The Ethical Conversation Surrounding AVs
Of course, with the development of AV technology comes a host of ethical challenges and questions – such as how these vehicles should interact with human drivers when introduced to a mixed-traffic environment, the displacement of human works and subsequent economic impact of autonomous vehicles, and a myriad of other questions surrounding data privacy.
In the real world where autonomous vehicles have to interact with vehicles driven by humans on roads, there will always be complications that need to be addressed. For example, should autonomous vehicles automatically record and report illegal driving behavior from cars around them? Should they always yield to human-driven vehicles even when the other vehicle is in the wrong? Should autonomous vehicles have different speed limits and other safety rules that don’t apply to humans due to superior sensors and reaction times in AVs? Should they monitor and report driving behavior when human drivers opt to take control away from the autonomous driving system? Addressing questions like these is difficult and will likely take many years to work out.
Additionally, as the primary force behind development of autonomous vehicles is economic payoff in the form of displacing paid human drivers, in a real sense every AV that enters the road will be destroying a job.
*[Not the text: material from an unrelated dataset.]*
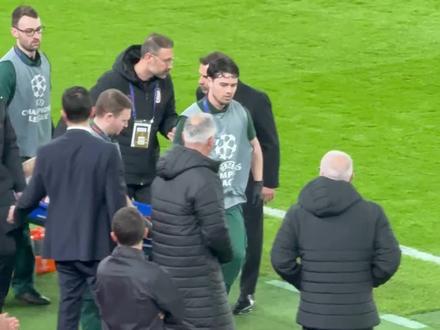 欧冠最惨烈意外! 范戴克当场看哭#欧冠 #利物浦 #英超 #足球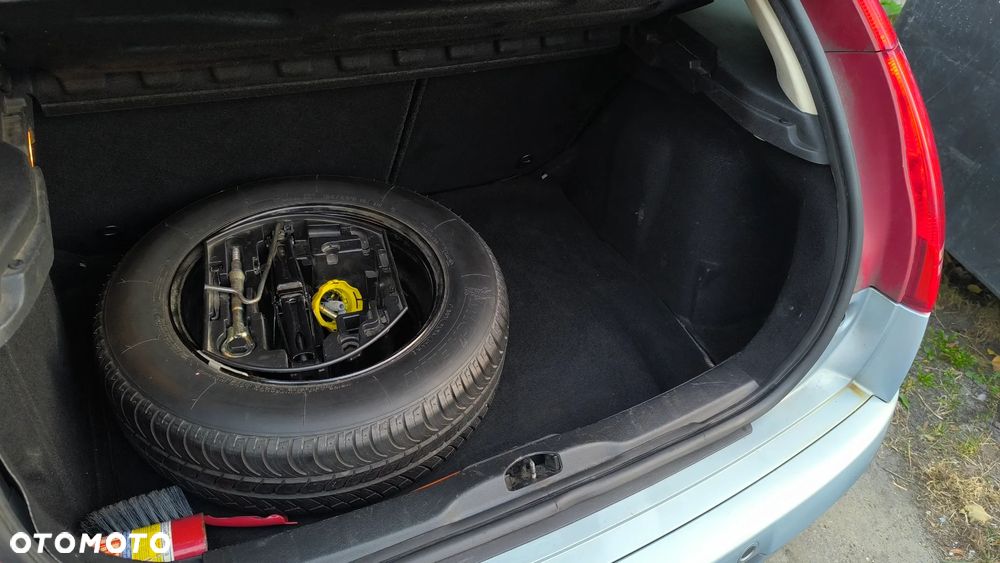 Citroën C4 2.0 16V Exclusive - 15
While this impact will start small and grow slowly, it will have real effects on ride sharing, taxis, and trucking sooner than many people think, which will force politicians and companies to face some uncomfortable choices between corporate profits and unemployment rates. There really isn’t yet any consensus on how to tackle this even though there are many possibilities (ex. A “robot tax”).
Looking forward, as this technology progresses, we can expect more clarity around these unanswered questions.
Global Players – Who is out there?
The clear global players in the AV industry outside of the USA reside in China with rapidly developing companies in Europe.
In China, one of the three main players, AutoX, is backed by the ‘Amazon of China’, Alibaba and led by a former Princeton Professor, Jianxiong Xiao. AutoX recently (December 2020) tested a fully driverless Fiat Chrysler Pacifica robotaxi without remote operation ties on the streets of Shenzhen. Their fleet of 25 vehicles marks the first time a driverless vehicle with no remote operation intervention or co-pilot has been allowed to operate with government approval unrestricted. In total AutoX also has an additional 100 vehicles which have a human ‘co-pilot’ for their ride hailing robotaxi services.
Didi, an Uber/Lyft styled service operates and offers free rides with its AV fleet within areas of Shanghai. Quite different from the recent AutoX test, Didi’s vehicles however do not operate without a co-pilot.
Baidu, possibly AutoX’s largest competitor, is offering dedicated driver AV experiences in Beijing. Baidu has the added benefit of being China’s tech giant and on the forefront of emerging evolutions in the field and like Didi operate only with a human co-pilot.